Reviewing papers for journals can be a chore sometimes, especially if the submission is from a non-English speaker and you spend all of your time trying to decipher what the authors are trying to say. However, it is an aspect of my job that I enjoy as it makes me think about some of the deeper, philosophical issues that arise in science.
Today, I just finished a second review of a paper that I had rejected previously but which the other reviewers had accepted with major revisions. My major concern was that I fundamentally disagreed with the authors approach to interpreting the data. In chemical engineering, it is very common to present some experimental work and develop a mathematical model to ‘explain’ the data. My biologist colleagues sometimes refer to this as using mathematics to tell you what you already know! Maybe they’re right. Inevitably it is concluded that the model fits the data ‘well’!
The problem (for me) with this paper was that the model did fit the data reasonably well but I felt it was fundamentally misguided. Without going into too much detail, the authors were using suspension theory on what I consider to be solutions. While their model seemed to work, I think I can come up with a much simpler and elegant explanation for the data. Yet, without doing further experiments (of a different kind) we do not know, for sure, who is right. In the end, I decided I had no real ‘right’ to reject the paper and let it through – the second draft was much better all round anyway and it might serve as a focal point for future discussion.

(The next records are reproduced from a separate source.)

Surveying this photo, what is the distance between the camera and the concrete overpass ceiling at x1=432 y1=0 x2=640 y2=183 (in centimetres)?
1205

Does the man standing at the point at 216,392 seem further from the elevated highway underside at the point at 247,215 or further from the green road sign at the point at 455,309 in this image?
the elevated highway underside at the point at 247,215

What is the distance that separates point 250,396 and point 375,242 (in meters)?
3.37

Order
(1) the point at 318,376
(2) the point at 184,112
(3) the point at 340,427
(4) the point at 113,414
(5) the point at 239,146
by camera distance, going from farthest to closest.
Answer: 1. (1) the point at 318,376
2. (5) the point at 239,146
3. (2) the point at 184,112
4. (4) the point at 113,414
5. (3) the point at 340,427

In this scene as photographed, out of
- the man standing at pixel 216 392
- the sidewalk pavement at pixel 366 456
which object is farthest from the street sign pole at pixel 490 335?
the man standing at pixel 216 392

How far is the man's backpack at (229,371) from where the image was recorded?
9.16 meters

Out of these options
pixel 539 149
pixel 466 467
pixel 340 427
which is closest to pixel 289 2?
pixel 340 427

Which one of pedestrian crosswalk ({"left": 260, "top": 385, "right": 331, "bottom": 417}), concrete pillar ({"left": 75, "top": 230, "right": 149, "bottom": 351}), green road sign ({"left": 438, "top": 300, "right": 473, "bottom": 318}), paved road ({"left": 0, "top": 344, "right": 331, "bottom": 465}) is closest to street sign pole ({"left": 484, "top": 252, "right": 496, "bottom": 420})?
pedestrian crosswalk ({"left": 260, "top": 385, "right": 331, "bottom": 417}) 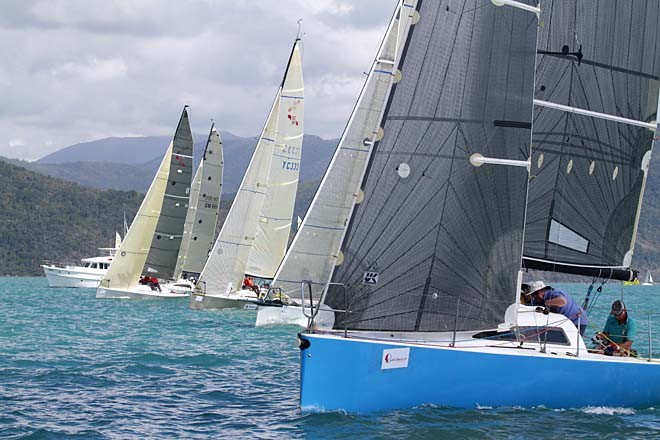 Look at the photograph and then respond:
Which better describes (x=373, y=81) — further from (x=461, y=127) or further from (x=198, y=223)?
(x=198, y=223)

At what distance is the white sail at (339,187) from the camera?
925 inches

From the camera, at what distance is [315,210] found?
923 inches

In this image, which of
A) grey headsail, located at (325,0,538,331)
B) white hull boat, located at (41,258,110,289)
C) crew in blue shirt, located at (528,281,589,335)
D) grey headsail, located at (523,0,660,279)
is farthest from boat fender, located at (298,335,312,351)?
white hull boat, located at (41,258,110,289)

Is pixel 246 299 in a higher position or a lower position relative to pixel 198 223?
lower

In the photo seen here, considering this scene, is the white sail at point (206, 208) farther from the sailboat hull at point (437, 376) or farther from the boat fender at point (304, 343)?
the boat fender at point (304, 343)

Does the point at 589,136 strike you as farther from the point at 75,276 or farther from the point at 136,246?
the point at 75,276

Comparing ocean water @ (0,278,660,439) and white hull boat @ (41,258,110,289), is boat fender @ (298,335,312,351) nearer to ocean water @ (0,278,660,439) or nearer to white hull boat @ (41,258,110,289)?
ocean water @ (0,278,660,439)

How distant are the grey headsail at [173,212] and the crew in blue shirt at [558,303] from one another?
36712 mm

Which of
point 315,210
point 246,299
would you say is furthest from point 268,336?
point 246,299

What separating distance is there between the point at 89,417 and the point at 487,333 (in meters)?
5.77

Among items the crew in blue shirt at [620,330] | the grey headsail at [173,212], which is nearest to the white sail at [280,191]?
the grey headsail at [173,212]

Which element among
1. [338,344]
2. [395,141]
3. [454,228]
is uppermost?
[395,141]

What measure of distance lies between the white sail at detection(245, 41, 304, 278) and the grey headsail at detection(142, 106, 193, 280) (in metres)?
12.7

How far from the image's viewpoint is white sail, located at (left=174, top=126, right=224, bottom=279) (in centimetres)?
5303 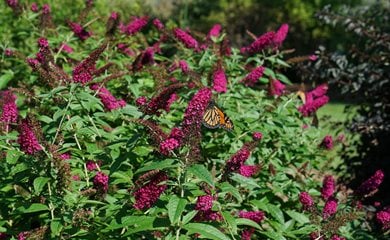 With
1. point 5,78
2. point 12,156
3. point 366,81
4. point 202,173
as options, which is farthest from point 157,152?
point 366,81

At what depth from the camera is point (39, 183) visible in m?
2.45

This got me thinking about the huge number of publications out in Journal World. The vast majority of them seem to be ‘bitty’ in nature, providing plausible ‘explanations’ for limited amounts of data. A result of the ‘publish or perish’ culture I suppose. In the case of the paper I reviewed, the authors really needed to go back to the lab and devise a whole new set of experiments that would provide additional, independent, evidence for their model. The fact that their mathematical model seemed to fit the data did not mean that it represented ‘truth’.
So what about the really important, fundamental sciences such as particle physics? Does our ability to explain the data in the LHC, for example, mean that we really understand nature? What the hell is an electron anyway?